Si no se nace de nuevo, no se accede al reino
Juan 3, 1-8
Yo, que aparentaba que era el hombre más seguro del mundo, en mi corazón tenía muchas incertidumbres, que no quería reconocer ni ante los demás y ni siquiera ante mí mismo. Un día, mejor una noche, fui donde Jesús.
Comencé de manera muy educada dándole el título de Maestro y de enviado de Dios. Cuál no fue mi sorpresa cuando, en vez de devolverme el cumplido, me dijo de sopetón que lo que tenía que hacer era nacer de nuevo. Mis buenos propósitos con los que fui a verle se derrumbaron y le quise demostrar que yo también era un maestro, y de rango superior. Las buenas maneras se vinieron abajo y utilicé los dardos de la ironía. Él, como quien no se enteraba, siguió hablándome del nuevo nacimiento, de que me dejara llevar por el viento del Espíritu, que no se sabe ni de dónde viene exactamente, ni se sabe a dónde te quiere llevar.
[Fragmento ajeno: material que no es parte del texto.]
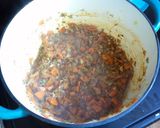 A picture of step 4 of Lasagna With Homemade Bolognese Sauce.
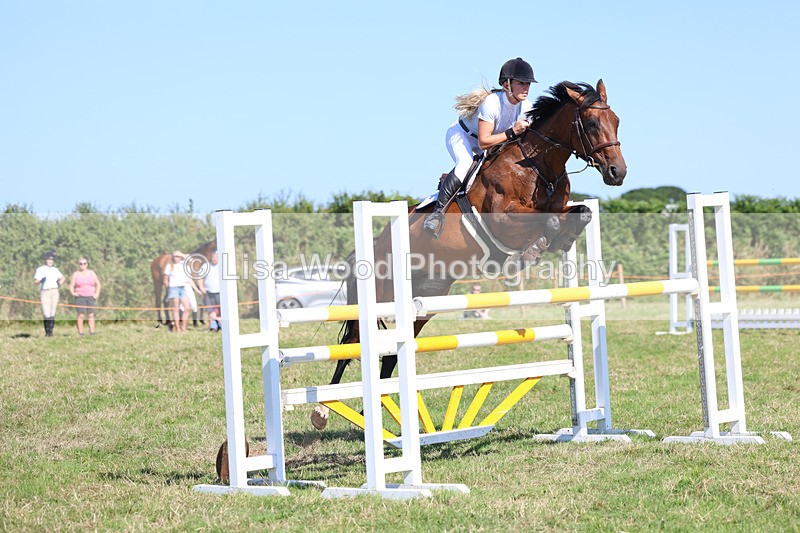 3E7A6664 - Class 14: Senior 1.15m Open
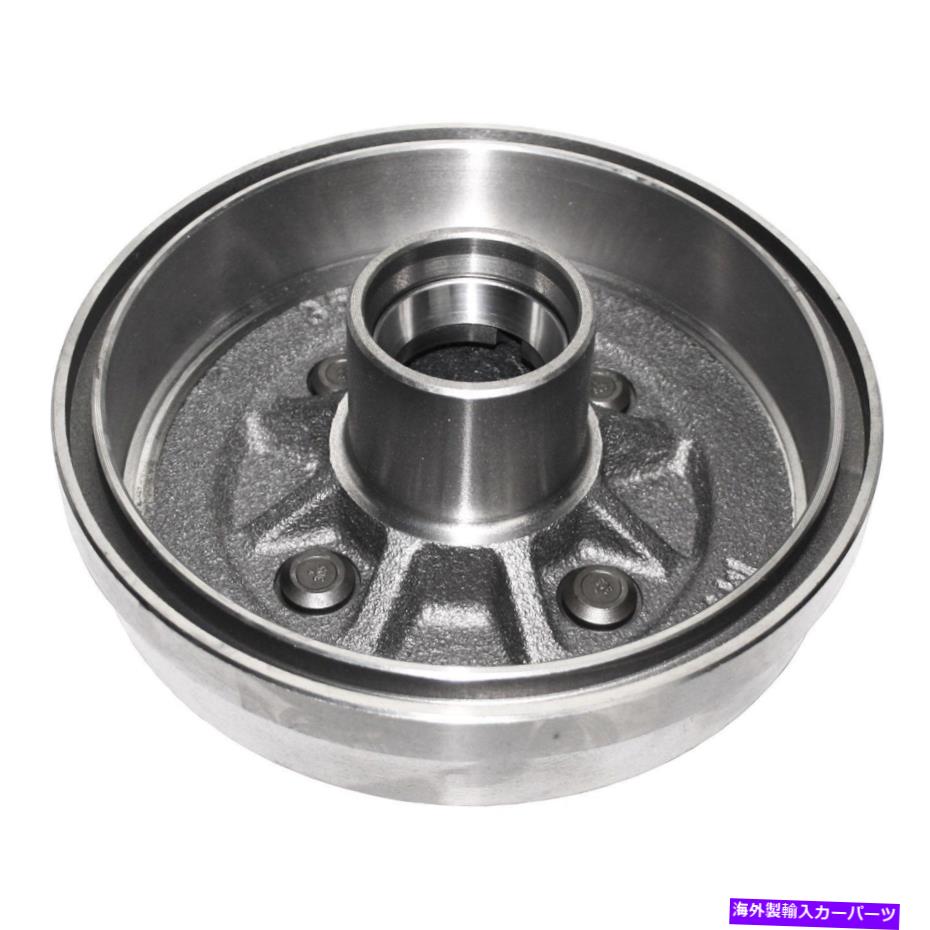 Brake Drum Durago BD35014 93-95 TOYOTA PASEO TERCELのブレーキドラム DuraGo BD35014 Brake Drum For 93-95 Toyota Paseo Tercel【並行輸入品】 40,469円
Me marché bastante enfadado, el encuentro había sido un fracaso. Pero sus palabras seguían resonando en mi corazón y, poco a poco, fui comprendiendo, que Jesús me había mostrado un nuevo camino en mi vida. Me había invitado a renunciar a esas falsas seguridades que me habían acompañado toda la vida; a ser yo mismo sin falsos temores y respetos humanos. Aquel encuentro, eso sí pasado un tiempo para digerirlo, cambió mi visión de Dios y me cambió a mí mismo. Mejor dicho me hizo encontrarme con ese “Nicodemo” que siempre había estado dentro de mí y que había intentado ocultar. Quién me iba a decir que poco tiempo después tendría el valor de defender a Jesús, a cara descubierta, delante de todo el Sanedrín o que iría sin complejos con una carretilla de perfumes a la tumba de Jesús, como signo de la nueva Vida, esa vida que él me había ayudado a descubrir.